Menurut hasil perhitungan Pusat Penelitian dan Pengembangan Teknologi Ketenagalistrikan, Energi Baru, Terbarukan, dan Konservasi Energi (P3TEK) terdapat lebih dari 52 ribu lokasi yang berpotensi untuk pembangkit hidro. Adapun total potensi energi hidro dengan sistem run off river sebesar 94.627 MW.

Menurut Rida, pembanguna pembangkit tenaga hidro akan memakan waktu lama yang akan membantu Indonesia meraih target net zero emission 2060.

“Pengembangan PLTA akan memberikan manfaat tidak terbatas terhadap bauran energi baru terbarukan. Sekaligus menyeimbangkan pembangkit listrik EBT yang masih bersifat intermittent,” ujarnya.

Pada kesempatan yang sama, EVP Engineering & Technology PLN, Zainal Arifin, mengatakan pembangunan pembangkit listrik tenaga hidro saat ini paling tepat  dibandingkan pembangkit tenaga lain. Apalagi, pembangkit hidro memiliki berbagai keunggulan. Misalnya, tingkat efisensinya sangat tinggi.

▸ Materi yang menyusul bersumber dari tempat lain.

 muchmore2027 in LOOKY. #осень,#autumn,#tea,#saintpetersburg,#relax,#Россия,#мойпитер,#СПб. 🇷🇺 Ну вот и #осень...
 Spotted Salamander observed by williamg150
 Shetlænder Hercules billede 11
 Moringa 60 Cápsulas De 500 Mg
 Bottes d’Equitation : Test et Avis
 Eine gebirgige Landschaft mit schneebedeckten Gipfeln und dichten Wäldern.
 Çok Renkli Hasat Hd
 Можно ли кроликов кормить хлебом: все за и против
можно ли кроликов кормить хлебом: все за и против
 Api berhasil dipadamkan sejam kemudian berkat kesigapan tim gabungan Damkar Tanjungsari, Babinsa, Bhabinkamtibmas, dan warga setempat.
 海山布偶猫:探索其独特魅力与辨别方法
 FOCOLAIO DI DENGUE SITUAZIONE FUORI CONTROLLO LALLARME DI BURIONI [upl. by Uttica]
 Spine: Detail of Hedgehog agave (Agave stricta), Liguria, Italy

“Saat ini sudah di atas 90%, terbaik dari semua teknologi energi,” katanya.

Faktor kapasitasnya juga cukup tinggi, minimal 40%. Pembangkit hidro juga mampu mengakomodasi fluktuasi beban daya dan lebih sederhana. mudah perawatannya.

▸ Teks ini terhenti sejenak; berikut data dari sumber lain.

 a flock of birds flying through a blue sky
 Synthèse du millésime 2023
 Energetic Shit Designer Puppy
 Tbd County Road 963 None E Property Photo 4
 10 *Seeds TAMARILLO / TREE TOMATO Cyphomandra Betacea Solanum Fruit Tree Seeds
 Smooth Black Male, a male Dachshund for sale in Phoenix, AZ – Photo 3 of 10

Hingga 2030, PLN merencanakan mengembangkan pembangkit listrik tenaga air (PLTA) sebesar 9,27 GW dan pembangkit listrik tenaga mikrohidro (PLTM) sebesar 1,11 GW pada tahun 2030. Pembangkit listrik berbasis hidro merupakan penyumbang terbesar dibandingkan pembangkit listrik tenaga surya dan pembangkit listrik tenaga bayu dalam RUPTL hijau.

Menurut Zainal, untuk mencapai bauran EBT sebesar 23% pada 2025, dibutuhkan tambahan 4,2 GW pembangkit hidro. Saat ini, sebesar 2,5 GW pembangkit hidro berada dalam tahap konstruksi, dan sebesar 0,6 GW pada tahap pendanaan. Sisanya1 GW masih tahap pengembangan.

PLN saat ini dalam tahap pembangunan pembangkit hidro, antara lain PLTA Jatigede 110 MW, PLTA Peusangan 1-2 88 MW, PLTA Asahan III 174 MW, dan PLTA Upper Cisokan 1.040 MW.

Selain itu, terdapat pula PLTA Poso 515 MW di Sulawesi Tengah yang telah dilakukan commercial operation date (COD) untuk unit awal sebesar 315 MW. Sedangkan dua unit lainnya dengan total 130 MW telah memiliki sertifikat laik operasi. Ada pula PLTA Jatigede (2×55 MW) di Jawa Barat yang merupakan kerja sama PLN dan Kementerian Pekerjaan Umum dan Perumahan Rakyat. Saat ini, PLTA itu masuk tahap konstruksi dengan progres 87 persen.

Terlepas dari keunggulannya, pengembangan pembangkit hidro juga memiliki sejumlah tantangan. Misalnya, pengembangannya memerlukan waktu relatif lama, hingga tantangan pembebasan lahan.

“Pembangkit hidro memang fleksibel untuk menangani pembangkit EBT yang masih bersifat intermittent. Akan tetapi, pengembangan pembangkit ini memiliki tantangan yang signifikan, seperti pembebasan lahan,” ucapnya.